Watch | Jewish UCLA Student Eli Tsives Claims Pro-Palestinian Protesters Barred Him From Entering Campus
Watch | Jewish UCLA Student Eli Tsives Claims Pro-Palestinian Protesters Barred Him From Entering Campus
Eli Tsives shared footage on social media claiming that he was being blocked from attending classes but some are claiming that he was only blocked from entering via the main gate.

Jewish student Eli Tsives who is enrolled at the University of California, Los Angeles, shared footage on social media on Monday claiming that he was being denied access to his on-campus class by pro-Palestinian activists staging protests at the university premises.

He posted several videos on X claiming that Palestinian student protesters have formed a human chain preventing him from entering classes.

“They didn’t let me get to class using the main entrance! Instead they forced me to walk around. Shame on these people!” he could be heard saying in the video.

Eli Tsives’s profile on website Backstage says that he is a student at the UCLA’s School of Theater, Film, and Television and describes him as an actor and filmmaker based in Los Angeles and San Jose.

Though the video does not show any scuffles between the pro-Palestinian protesters and Tsives, the protesters are seen blocking him from entering on-campus classes.

However, a journalist from Spectrum News, Jeremy Lindenfeld in a tweet made a counterclaim and said that Tsives was not blocked from campus but was rather stopped from entering the Gaza Solidarity Encampment and that one activist blocking Eli is a Jew just like him.

Other videos of Eli Tsives have also emerged on social media where he is seen giving a fiery speech with an Israeli flag draped all over him. “Israel is not going anywhere! The Jewish people are not going anywhere!” he is heard saying. The post on X accompanying the video showed him addressing a pro-Israel rally across the pro-Palestine encampment at UCLA.

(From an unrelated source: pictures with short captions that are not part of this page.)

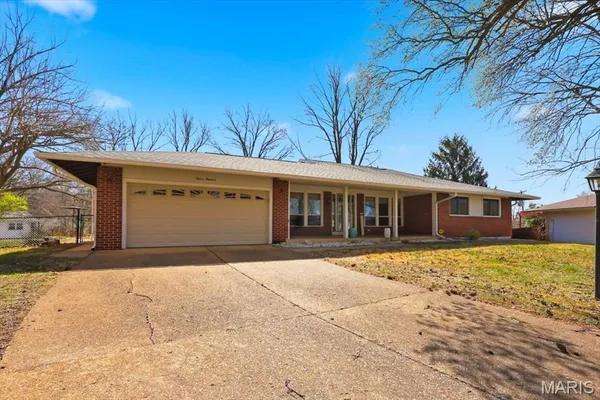 $499,000 | 1500 Heirloom Court, St. Louis, MO 63146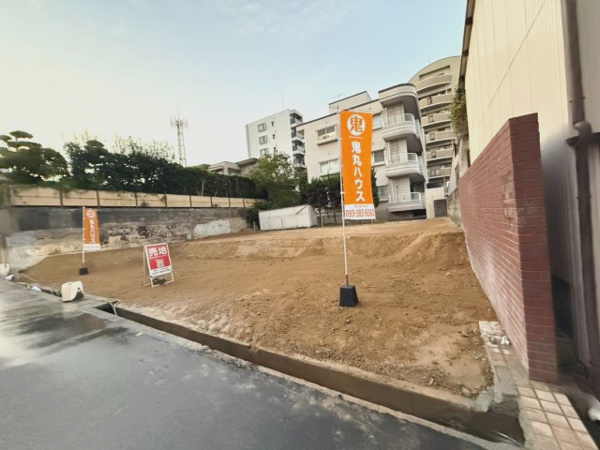 【高峰町の前面道路含む現地写真】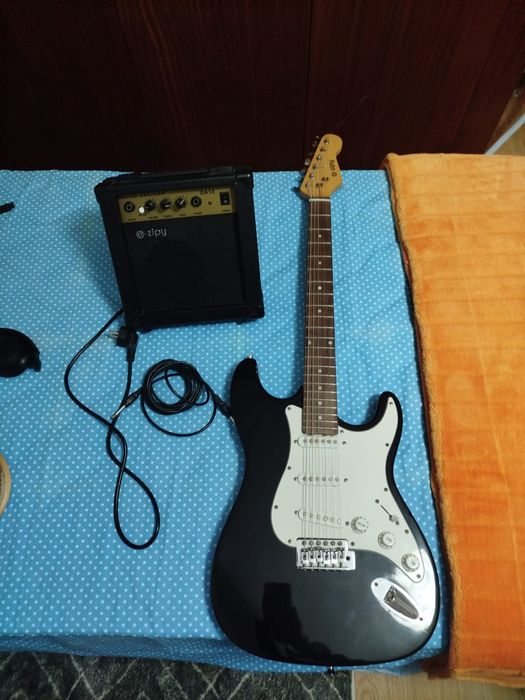 Guitarra elétrica ZIPPY com Amplificador e Cabo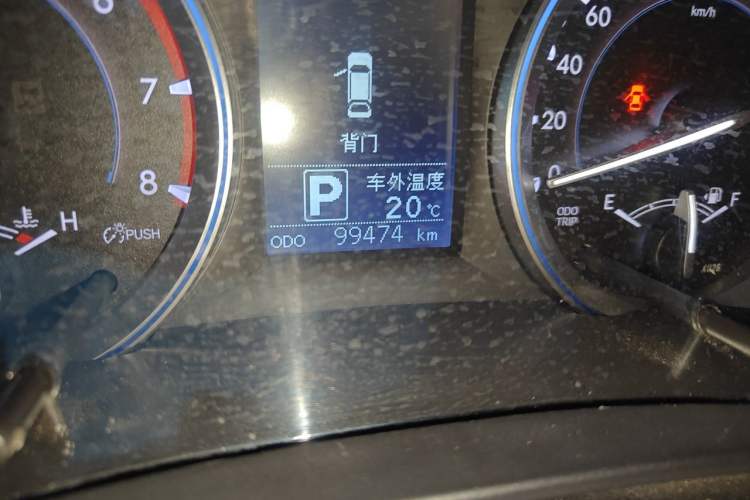 Used Toyota Highlander 2015 2.0T Four-Wheel Drive Luxury Edition 7-Seater Odometer Close Up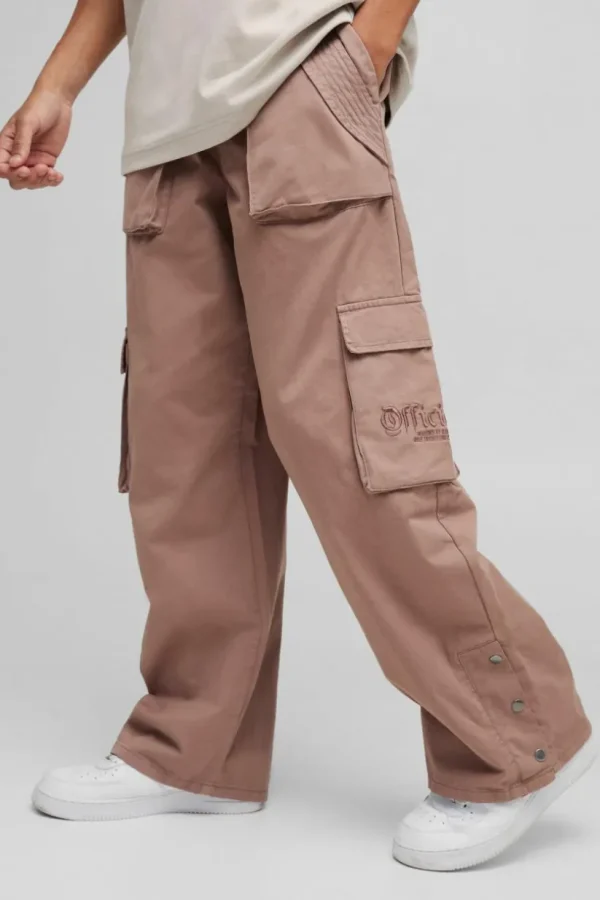 boohooMAN Elasticated Waist Baggy Brushed Twill Embroidery Cargo Trousers | Trousers | Cargo Trousers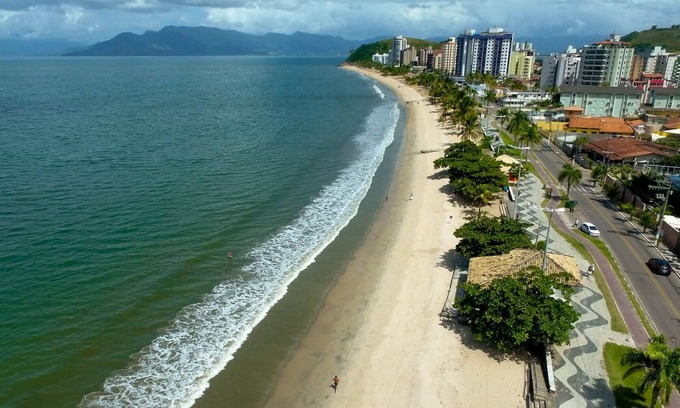 Jardim Aruan Apartment | Pet-Friendly Pousada Caraguá with Ocean View & Pool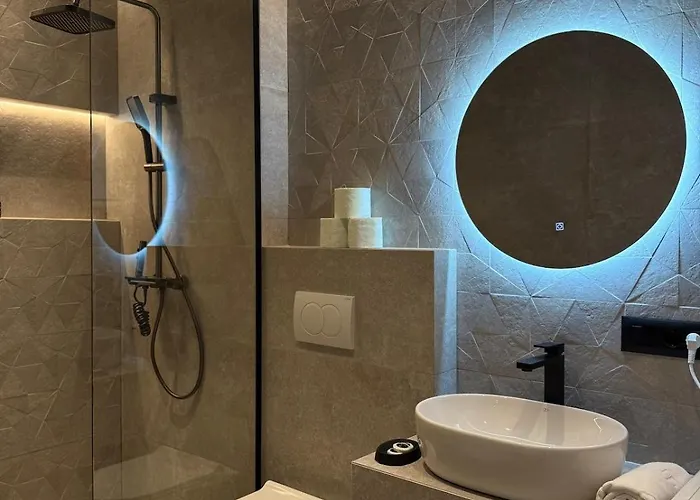 View C, Tirana, Albania شقة تيرانا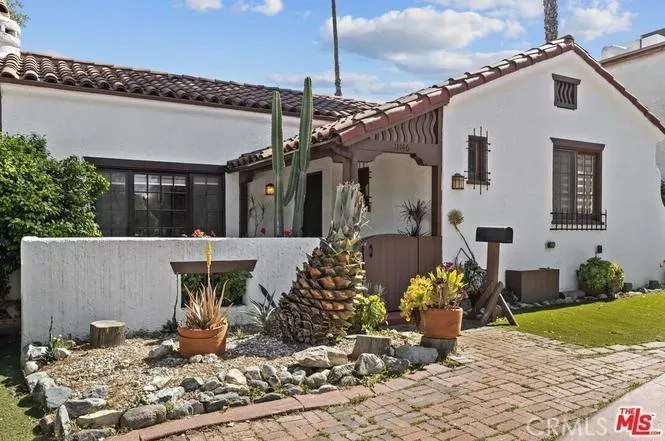 Property Photo: 11146 Huston Street CA 91601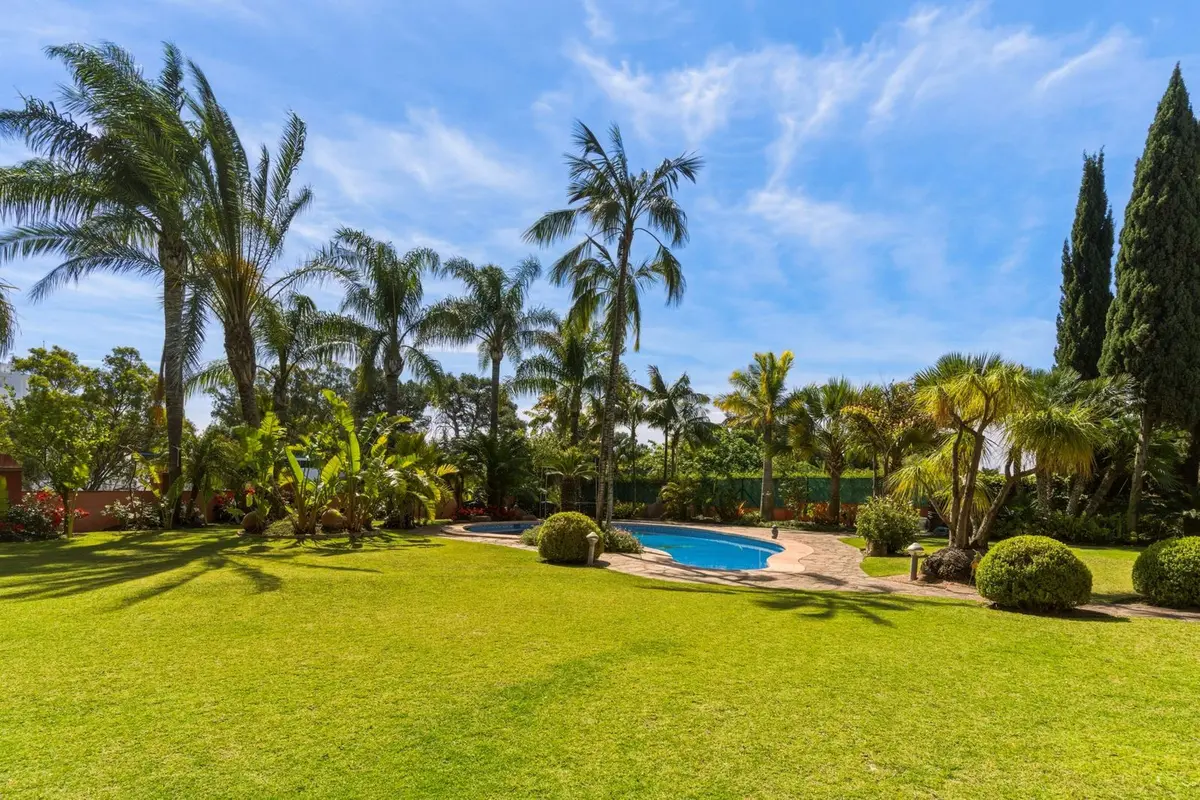 Detached Villa in Guadalmina Alta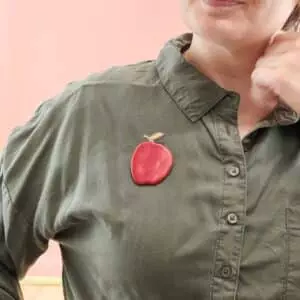 broche pomme d'amour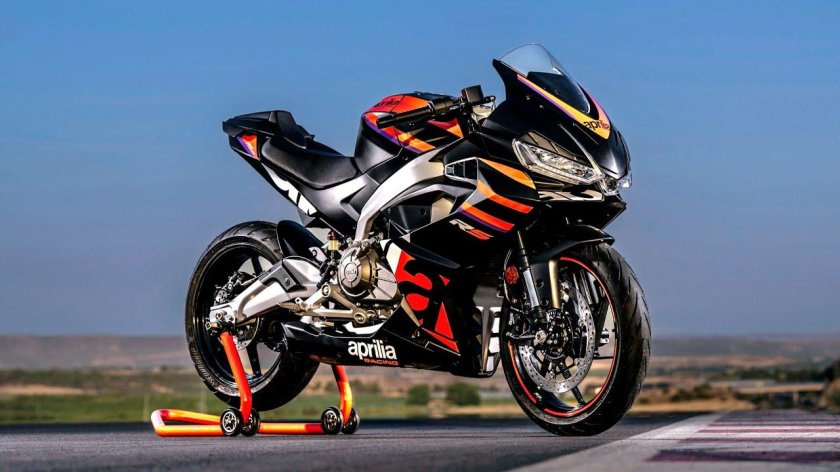Aprilia rs457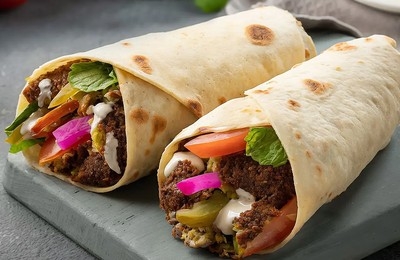 40 Years Same Price: Kuwait's Timeless 100-Fils Falafel Sandwich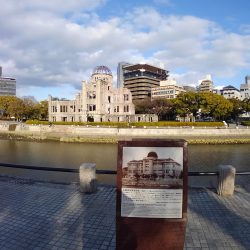 原爆ドームを対岸から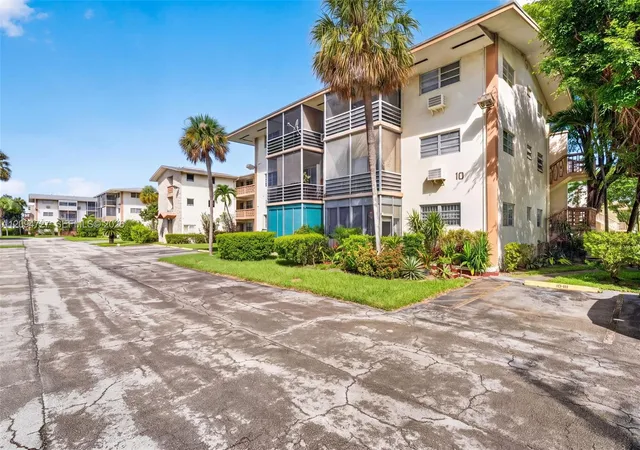 1395-ne-167th-street-212-miami-fl-33162/hzid_fc6d4e3f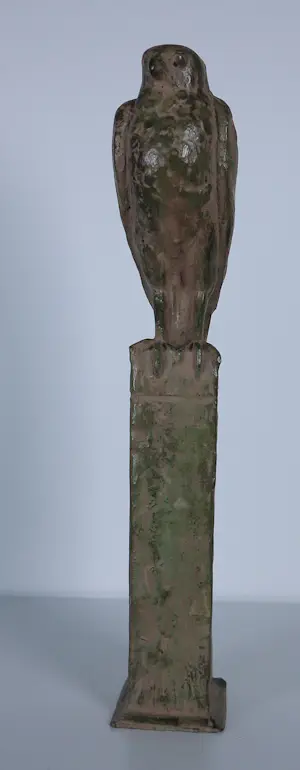 Tineke Nusink - (toegeschreven aan), Brons, Valk kopen? Bied vanaf 400!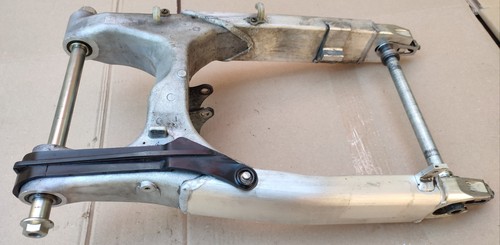 Schwinge honda vtr1000 sc36 - schwinge,
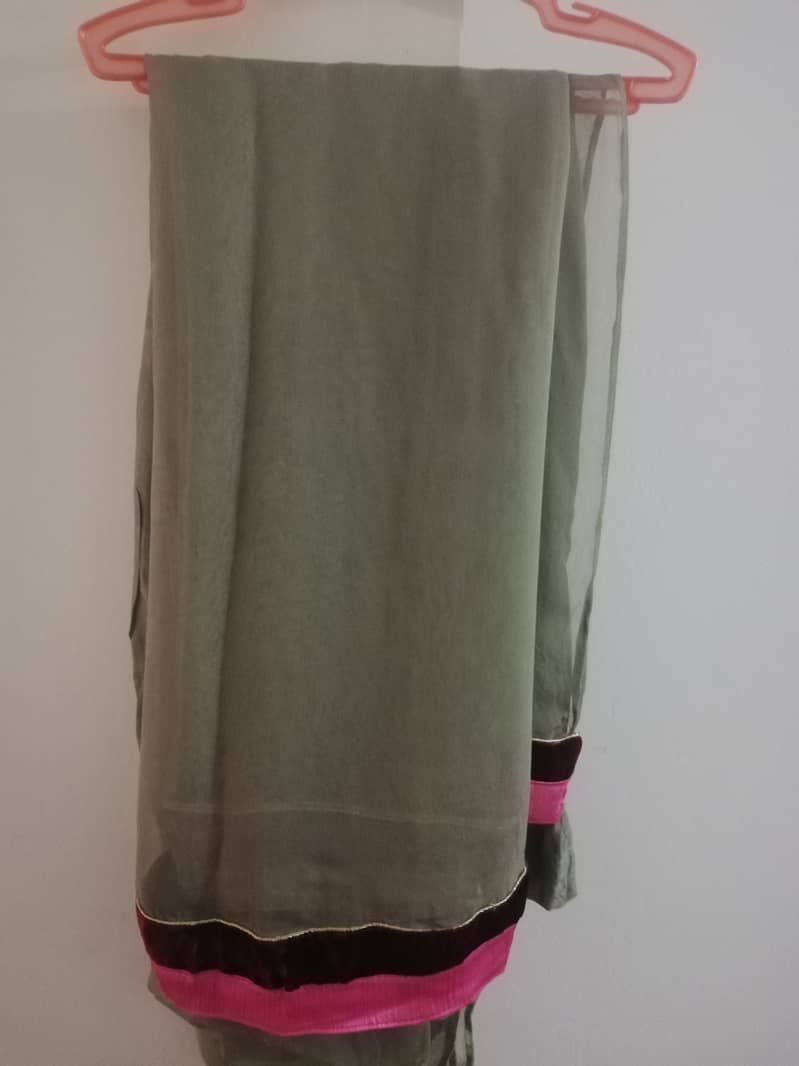 Fancy chiffon clothes in very good condition 6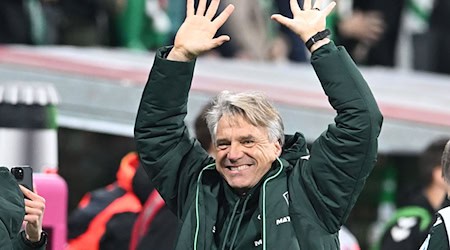 Werder-Coach Horst Steffen will auch gegen Wolfsburg jubeln. (Archivfoto) / Foto: Carmen Jaspersen/dpa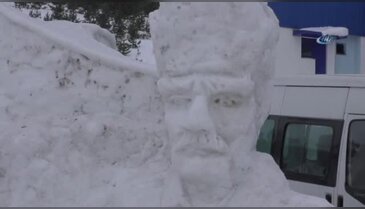 Buz tutan Çıldır Gölü'nde renkli görüntüler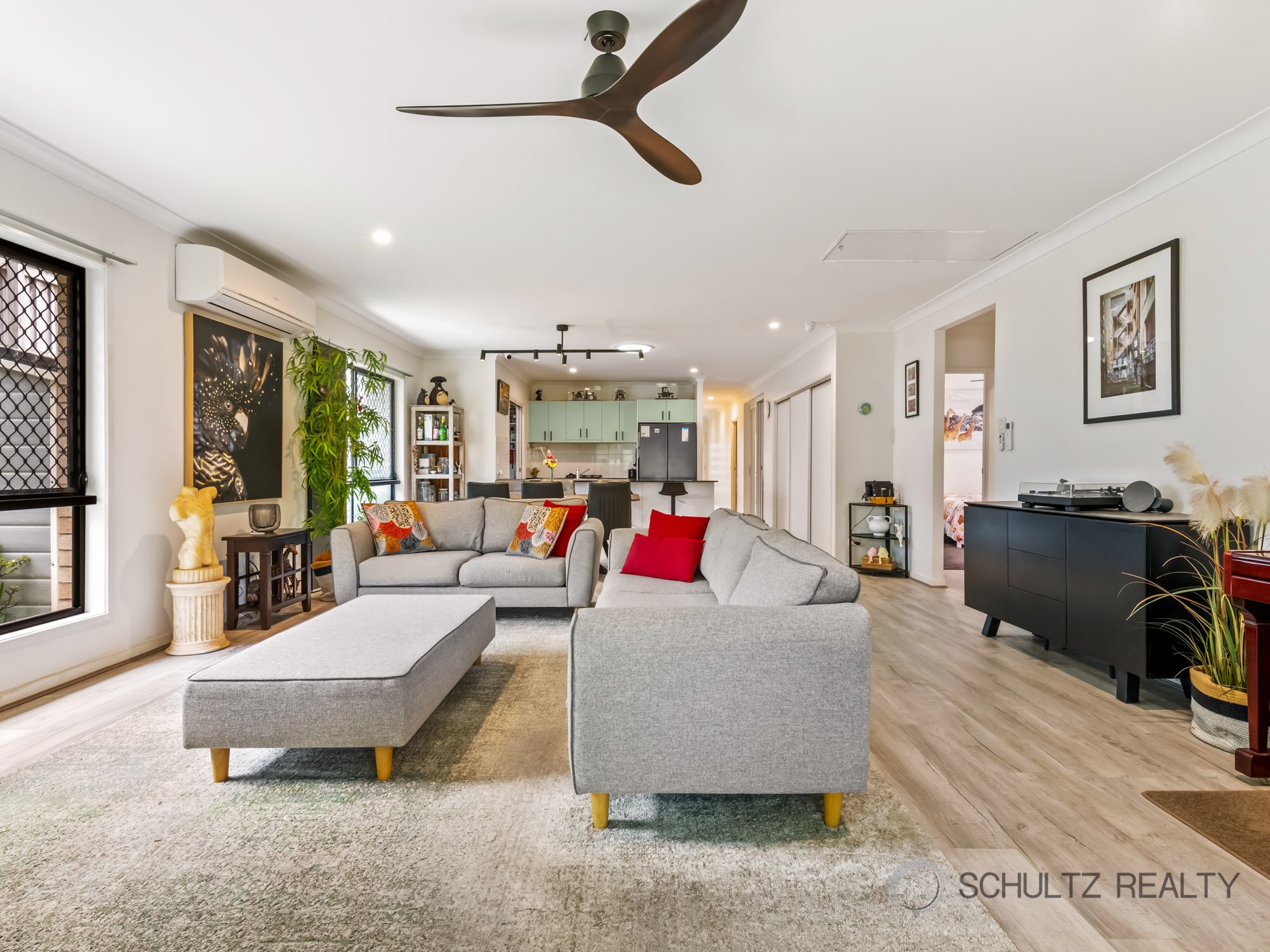 62 SANDOVER CIRCUIT, Holmview QLD 4207 - Image 3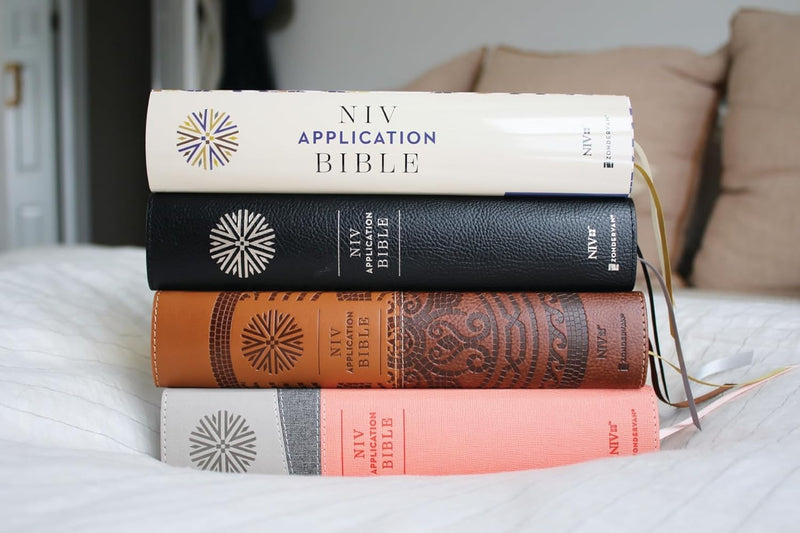 Heilige Bibel: Neue internationale Version, Mehrfarbig, Rote Buchstaben, Komfortdruck, Bringt die alte Botschaft der Bibel in Ihre Welt von Zondervan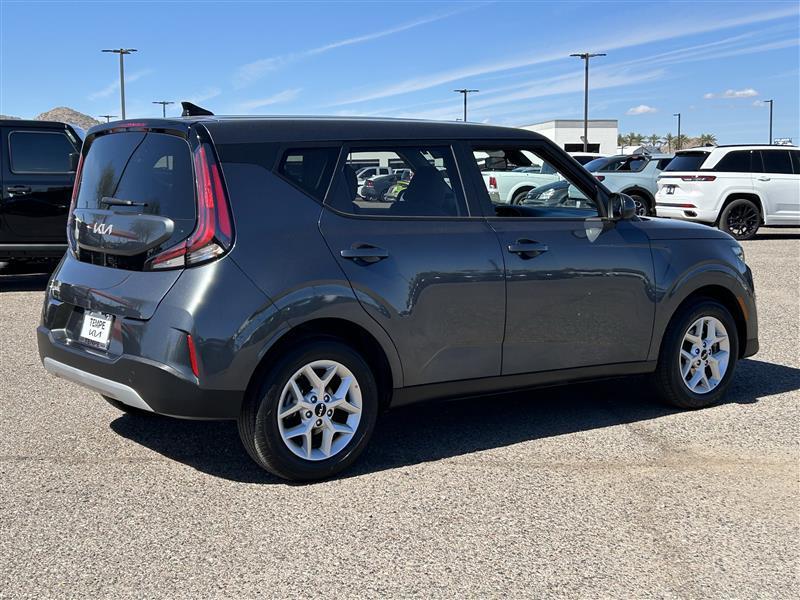 Kia Soul LX 2025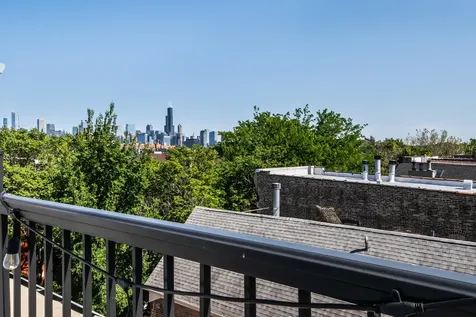 1803 West Thomas Street Chicago IL 60622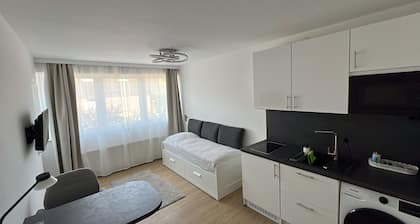 GemĂŒtlcihes 1-Zimmer-Studio mit eigenem EIngang - direkt am Wald.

A few dozen University of California, Los Angeles, faculty members staged a walkout on Monday, joining pro-Palestinian protesters who have been camping around-the-clock on campus. The teachers and other employees said they came out to amplify the demands of demonstrators.

The scene was less tense than on Sunday, when protesters shouted and shoved each other during dueling demonstrations.

Police set up barricades before hundreds of people on both sides joined a growing crowd at UCLA’s Dickson court, near where pro-Palestinian students have been staying round-the-clock in tents. Counter-protesters who organized a “Stand in Support of Jewish Students” rally said their goal was to “stand up against hatred and antisemitism.”